** Opening Provided entries block **
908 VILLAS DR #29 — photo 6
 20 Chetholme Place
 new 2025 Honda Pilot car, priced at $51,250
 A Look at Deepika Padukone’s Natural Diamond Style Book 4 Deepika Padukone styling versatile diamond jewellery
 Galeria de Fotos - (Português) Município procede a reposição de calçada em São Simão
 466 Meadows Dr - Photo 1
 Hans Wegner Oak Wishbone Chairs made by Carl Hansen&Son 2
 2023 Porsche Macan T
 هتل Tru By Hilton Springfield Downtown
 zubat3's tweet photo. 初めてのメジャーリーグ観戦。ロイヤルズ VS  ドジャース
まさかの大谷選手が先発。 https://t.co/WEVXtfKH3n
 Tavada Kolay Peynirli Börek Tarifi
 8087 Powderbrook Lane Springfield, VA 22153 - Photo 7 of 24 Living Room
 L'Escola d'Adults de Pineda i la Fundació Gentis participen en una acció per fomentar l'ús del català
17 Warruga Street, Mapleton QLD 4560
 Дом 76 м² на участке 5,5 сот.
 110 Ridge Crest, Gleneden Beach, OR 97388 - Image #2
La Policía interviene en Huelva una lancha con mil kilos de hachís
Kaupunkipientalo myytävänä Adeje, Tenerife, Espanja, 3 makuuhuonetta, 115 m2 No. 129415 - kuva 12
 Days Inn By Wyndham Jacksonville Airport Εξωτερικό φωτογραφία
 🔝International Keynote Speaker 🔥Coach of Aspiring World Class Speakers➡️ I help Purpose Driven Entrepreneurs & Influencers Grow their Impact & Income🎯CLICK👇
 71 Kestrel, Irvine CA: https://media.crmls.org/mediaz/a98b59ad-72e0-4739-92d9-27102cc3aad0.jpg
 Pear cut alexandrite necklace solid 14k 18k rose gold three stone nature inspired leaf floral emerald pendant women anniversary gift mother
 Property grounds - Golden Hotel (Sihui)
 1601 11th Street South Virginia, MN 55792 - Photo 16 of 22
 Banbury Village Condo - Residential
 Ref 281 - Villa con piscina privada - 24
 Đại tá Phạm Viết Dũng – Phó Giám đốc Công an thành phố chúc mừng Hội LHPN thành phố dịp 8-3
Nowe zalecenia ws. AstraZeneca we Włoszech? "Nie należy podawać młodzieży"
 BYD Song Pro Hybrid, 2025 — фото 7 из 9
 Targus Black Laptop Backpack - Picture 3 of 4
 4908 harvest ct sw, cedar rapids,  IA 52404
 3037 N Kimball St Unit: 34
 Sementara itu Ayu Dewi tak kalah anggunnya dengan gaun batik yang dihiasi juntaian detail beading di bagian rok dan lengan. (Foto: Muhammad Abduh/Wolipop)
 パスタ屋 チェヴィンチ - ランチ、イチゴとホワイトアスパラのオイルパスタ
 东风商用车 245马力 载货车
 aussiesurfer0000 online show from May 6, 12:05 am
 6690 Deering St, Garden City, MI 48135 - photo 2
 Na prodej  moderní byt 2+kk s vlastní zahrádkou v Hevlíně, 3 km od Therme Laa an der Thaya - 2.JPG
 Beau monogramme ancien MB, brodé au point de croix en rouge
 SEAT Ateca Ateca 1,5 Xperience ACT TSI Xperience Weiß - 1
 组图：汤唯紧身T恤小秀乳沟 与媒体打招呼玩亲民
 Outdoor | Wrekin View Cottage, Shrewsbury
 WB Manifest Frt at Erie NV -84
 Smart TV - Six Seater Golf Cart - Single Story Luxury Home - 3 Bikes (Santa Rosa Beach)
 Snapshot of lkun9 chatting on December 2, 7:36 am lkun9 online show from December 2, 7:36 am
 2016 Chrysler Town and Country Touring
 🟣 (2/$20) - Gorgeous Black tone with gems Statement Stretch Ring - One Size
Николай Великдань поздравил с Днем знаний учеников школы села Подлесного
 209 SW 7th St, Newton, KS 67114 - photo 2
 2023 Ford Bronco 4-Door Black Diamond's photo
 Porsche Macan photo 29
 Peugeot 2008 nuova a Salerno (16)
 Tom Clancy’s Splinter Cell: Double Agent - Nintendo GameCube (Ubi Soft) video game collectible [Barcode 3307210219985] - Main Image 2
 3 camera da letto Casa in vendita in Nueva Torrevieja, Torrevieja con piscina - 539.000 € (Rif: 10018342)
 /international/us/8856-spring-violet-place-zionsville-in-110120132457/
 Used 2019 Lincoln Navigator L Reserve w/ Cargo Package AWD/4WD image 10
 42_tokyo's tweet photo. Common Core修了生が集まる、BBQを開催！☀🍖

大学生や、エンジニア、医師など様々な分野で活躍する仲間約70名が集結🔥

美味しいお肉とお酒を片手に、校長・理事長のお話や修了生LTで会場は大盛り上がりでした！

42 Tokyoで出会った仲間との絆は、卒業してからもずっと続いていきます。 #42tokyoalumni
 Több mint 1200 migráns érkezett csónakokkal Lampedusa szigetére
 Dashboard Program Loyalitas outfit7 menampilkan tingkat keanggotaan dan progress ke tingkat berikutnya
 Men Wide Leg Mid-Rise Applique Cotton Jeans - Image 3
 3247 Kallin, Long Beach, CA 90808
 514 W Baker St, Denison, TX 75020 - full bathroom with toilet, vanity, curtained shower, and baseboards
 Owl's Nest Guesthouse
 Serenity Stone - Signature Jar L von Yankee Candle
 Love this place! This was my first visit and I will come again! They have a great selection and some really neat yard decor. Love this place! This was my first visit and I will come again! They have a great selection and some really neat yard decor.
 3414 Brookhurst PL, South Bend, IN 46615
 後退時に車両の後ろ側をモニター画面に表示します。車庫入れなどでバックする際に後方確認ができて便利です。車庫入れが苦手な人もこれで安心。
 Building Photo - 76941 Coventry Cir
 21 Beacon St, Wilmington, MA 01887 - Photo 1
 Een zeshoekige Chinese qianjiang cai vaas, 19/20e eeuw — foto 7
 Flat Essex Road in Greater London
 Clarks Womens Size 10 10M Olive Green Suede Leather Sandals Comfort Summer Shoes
** Closing Provided entries block **
Each line shown above needs to be transcribed exactly.

_Result for this task_:
908 VILLAS DR #29 — photo 6
 20 Chetholme Place
 new 2025 Honda Pilot car, priced at $51,250
 A Look at Deepika Padukone’s Natural Diamond Style Book 4 Deepika Padukone styling versatile diamond jewellery
 Galeria de Fotos - (Português) Município procede a reposição de calçada em São Simão
 466 Meadows Dr - Photo 1
 Hans Wegner Oak Wishbone Chairs made by Carl Hansen&Son 2
 2023 Porsche Macan T
 هتل Tru By Hilton Springfield Downtown
 zubat3's tweet photo. 初めてのメジャーリーグ観戦。ロイヤルズ VS  ドジャース
まさかの大谷選手が先発。 https://t.co/WEVXtfKH3n
 Tavada Kolay Peynirli Börek Tarifi
 8087 Powderbrook Lane Springfield, VA 22153 - Photo 7 of 24 Living Room
 L'Escola d'Adults de Pineda i la Fundació Gentis participen en una acció per fomentar l'ús del català
17 Warruga Street, Mapleton QLD 4560
 Дом 76 м² на участке 5,5 сот.
 110 Ridge Crest, Gleneden Beach, OR 97388 - Image #2
La Policía interviene en Huelva una lancha con mil kilos de hachís
Kaupunkipientalo myytävänä Adeje, Tenerife, Espanja, 3 makuuhuonetta, 115 m2 No. 129415 - kuva 12
 Days Inn By Wyndham Jacksonville Airport Εξωτερικό φωτογραφία
 🔝International Keynote Speaker 🔥Coach of Aspiring World Class Speakers➡️ I help Purpose Driven Entrepreneurs & Influencers Grow their Impact & Income🎯CLICK👇
 71 Kestrel, Irvine CA: https://media.crmls.org/mediaz/a98b59ad-72e0-4739-92d9-27102cc3aad0.jpg
 Pear cut alexandrite necklace solid 14k 18k rose gold three stone nature inspired leaf floral emerald pendant women anniversary gift mother
 Property grounds - Golden Hotel (Sihui)
 1601 11th Street South Virginia, MN 55792 - Photo 16 of 22
 Banbury Village Condo - Residential
 Ref 281 - Villa con piscina privada - 24
 Đại tá Phạm Viết Dũng – Phó Giám đốc Công an thành phố chúc mừng Hội LHPN thành phố dịp 8-3
Nowe zalecenia ws. AstraZeneca we Włoszech? "Nie należy podawać młodzieży"
 BYD Song Pro Hybrid, 2025 — фото 7 из 9
 Targus Black Laptop Backpack - Picture 3 of 4
 4908 harvest ct sw, cedar rapids,  IA 52404
 3037 N Kimball St Unit: 34
 Sementara itu Ayu Dewi tak kalah anggunnya dengan gaun batik yang dihiasi juntaian detail beading di bagian rok dan lengan. (Foto: Muhammad Abduh/Wolipop)
 パスタ屋 チェヴィンチ - ランチ、イチゴとホワイトアスパラのオイルパスタ
 东风商用车 245马力 载货车
 aussiesurfer0000 online show from May 6, 12:05 am
 6690 Deering St, Garden City, MI 48135 - photo 2
 Na prodej  moderní byt 2+kk s vlastní zahrádkou v Hevlíně, 3 km od Therme Laa an der Thaya - 2.JPG
 Beau monogramme ancien MB, brodé au point de croix en rouge
 SEAT Ateca Ateca 1,5 Xperience ACT TSI Xperience Weiß - 1
 组图：汤唯紧身T恤小秀乳沟 与媒体打招呼玩亲民
 Outdoor | Wrekin View Cottage, Shrewsbury
 WB Manifest Frt at Erie NV -84
 Smart TV - Six Seater Golf Cart - Single Story Luxury Home - 3 Bikes (Santa Rosa Beach)
 Snapshot of lkun9 chatting on December 2, 7:36 am lkun9 online show from December 2, 7:36 am
 2016 Chrysler Town and Country Touring
 🟣 (2/$20) - Gorgeous Black tone with gems Statement Stretch Ring - One Size
Николай Великдань поздравил с Днем знаний учеников школы села Подлесного
 209 SW 7th St, Newton, KS 67114 - photo 2
 2023 Ford Bronco 4-Door Black Diamond's photo
 Porsche Macan photo 29
 Peugeot 2008 nuova a Salerno (16)
 Tom Clancy’s Splinter Cell: Double Agent - Nintendo GameCube (Ubi Soft) video game collectible [Barcode 3307210219985] - Main Image 2
 3 camera da letto Casa in vendita in Nueva Torrevieja, Torrevieja con piscina - 539.000 € (Rif: 10018342)
 /international/us/8856-spring-violet-place-zionsville-in-110120132457/
 Used 2019 Lincoln Navigator L Reserve w/ Cargo Package AWD/4WD image 10
 42_tokyo's tweet photo. Common Core修了生が集まる、BBQを開催！☀🍖

大学生や、エンジニア、医師など様々な分野で活躍する仲間約70名が集結🔥

美味しいお肉とお酒を片手に、校長・理事長のお話や修了生LTで会場は大盛り上がりでした！

42 Tokyoで出会った仲間との絆は、卒業してからもずっと続いていきます。 #42tokyoalumni
 Több mint 1200 migráns érkezett csónakokkal Lampedusa szigetére
 Dashboard Program Loyalitas outfit7 menampilkan tingkat keanggotaan dan progress ke tingkat berikutnya
 Men Wide Leg Mid-Rise Applique Cotton Jeans - Image 3
 3247 Kallin, Long Beach, CA 90808
 514 W Baker St, Denison, TX 75020 - full bathroom with toilet, vanity, curtained shower, and baseboards
 Owl's Nest Guesthouse
 Serenity Stone - Signature Jar L von Yankee Candle
 Love this place! This was my first visit and I will come again! They have a great selection and some really neat yard decor. Love this place! This was my first visit and I will come again! They have a great selection and some really neat yard decor.
 3414 Brookhurst PL, South Bend, IN 46615
 後退時に車両の後ろ側をモニター画面に表示します。車庫入れなどでバックする際に後方確認ができて便利です。車庫入れが苦手な人もこれで安心。
 Building Photo - 76941 Coventry Cir
 21 Beacon St, Wilmington, MA 01887 - Photo 1
 Een zeshoekige Chinese qianjiang cai vaas, 19/20e eeuw — foto 7
 Flat Essex Road in Greater London
 Clarks Womens Size 10 10M Olive Green Suede Leather Sandals Comfort Summer Shoes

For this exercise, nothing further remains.